On 10/08/2012 I concluded my post with the following, “Until judges as a group speak openly about the ever worsening situation in the magistrates` courts I fear that the decline in efficiency will continue.” Well, the Senior Presiding Judge has spoken but not about those increasing problems in the lower courts. Firstly he has back tracked on his guidance recently published concerning the requirement of J.P.s who were intending to stand as candidates for the post of Police and Crime Commissioner to resign. His revision was stated thus:- “Provided a magistrate undertakes not to sit from the time of his/her selection as a candidate, and to resign if elected, he/she may resume sitting if not elected. In other words, in respect of the present elections, it will not be necessary to resign upon announcing an intention to stand. No doubt those magistrates seeking election will conduct themselves in such a fashion as not to compromise their ability to return to their Bench as an independent and impartial member of the judiciary.” One wonders why such simple advice was not offered initially.

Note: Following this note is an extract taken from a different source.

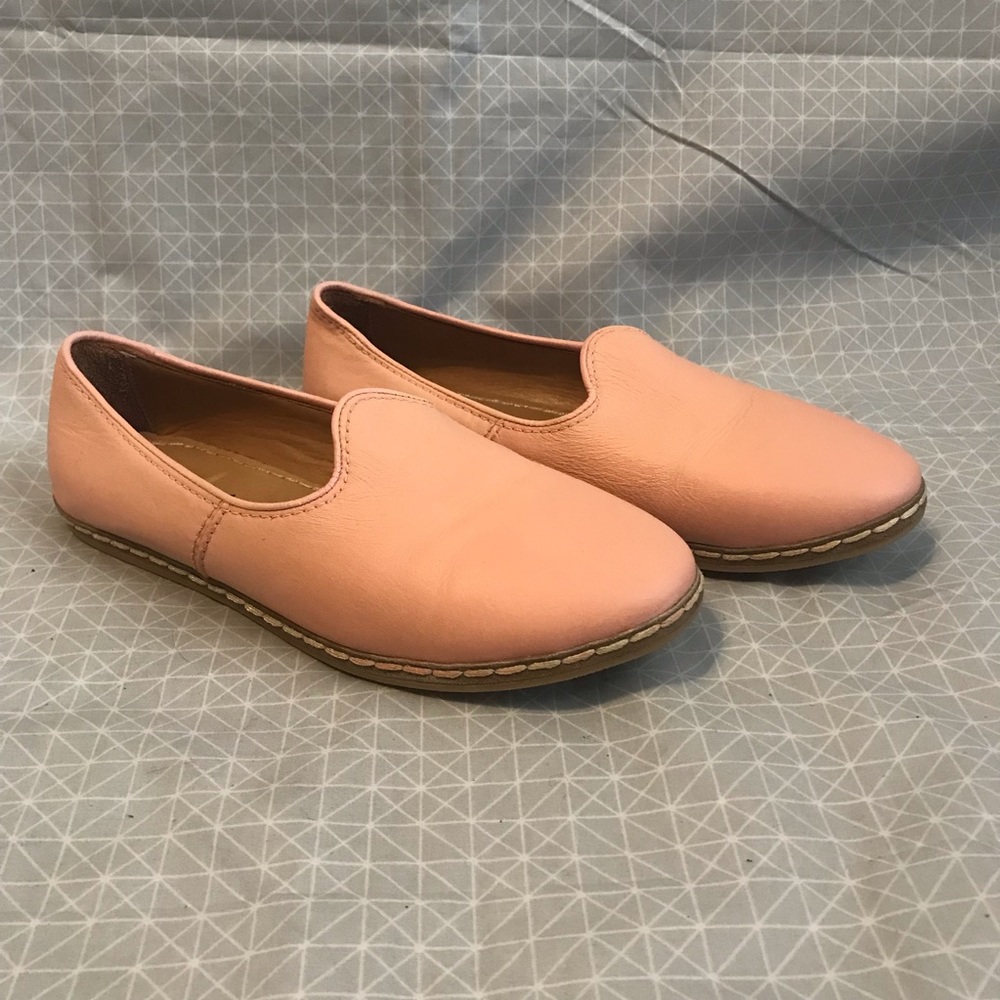 Charix Turkish Leather Loafers in Safari 38.5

After all everything was originally agreed with the assent of a shadowy committee known as the Magistrates` Liaison Group. The magistrates who were on this so called group are currently anonymous. The Magistrates` Association website is not helpful on this detail. Either the revision was considered and rejected or it was not even on the agenda. However the change in tune occurred, it is welcome.
The content and tone of the guidance on blogging by magistrates is of an entirely different order of magnitude. It is unknown whether the aforementioned Magistrates` Liaison Group was associated with this further guidance also.

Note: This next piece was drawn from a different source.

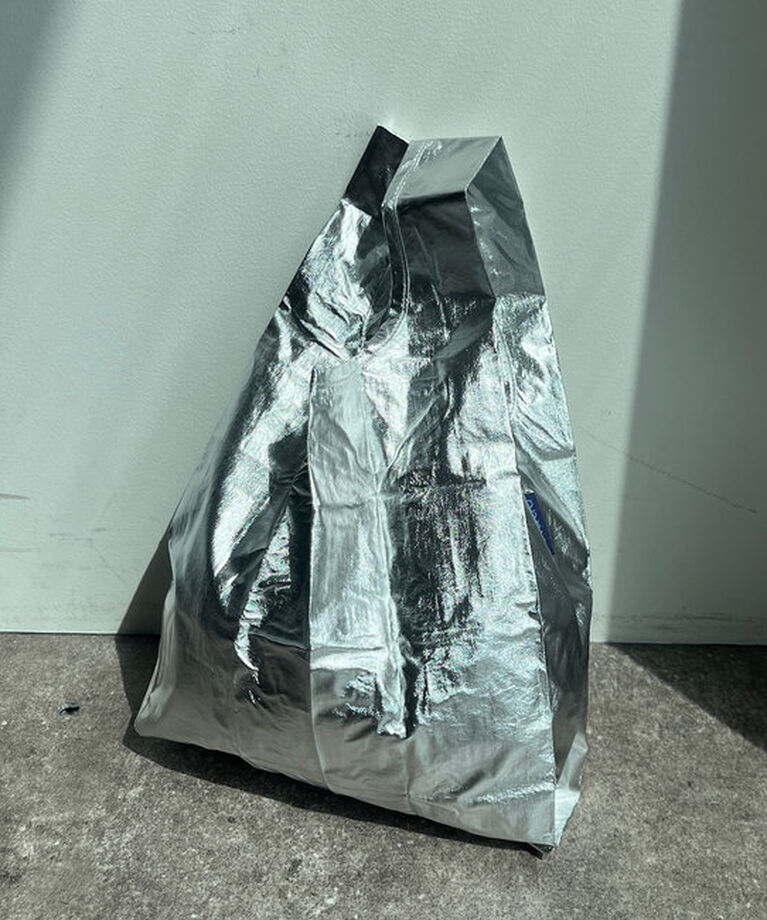  「【BAGGU/バグゥ】25SS BABY BAGGU メタリック」|トートバッグ|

It specifically refers to “magistrates” although the advice is ostensibly not so limited referring as it does to “judicial office holders” or “members of the judiciary”. It differentiates also between blogs which refer incidentally to the writer`s office and blogs written anonymously by magistrates. As far as I am aware there is no legal blog written by an anonymous judge. The same cannot be said for letters to the press, books, media interviews etc by named judges commenting on matters legal or more worldly. Thus in my simplistic opinion this directive, for that is what it is, is directed against magistrates and magistrates alone every single one of whom has been sent a copy. There are fewer than three or four of my colleagues I know of who publish a blog directly concerned with the legal system as viewed through their insightful eyes.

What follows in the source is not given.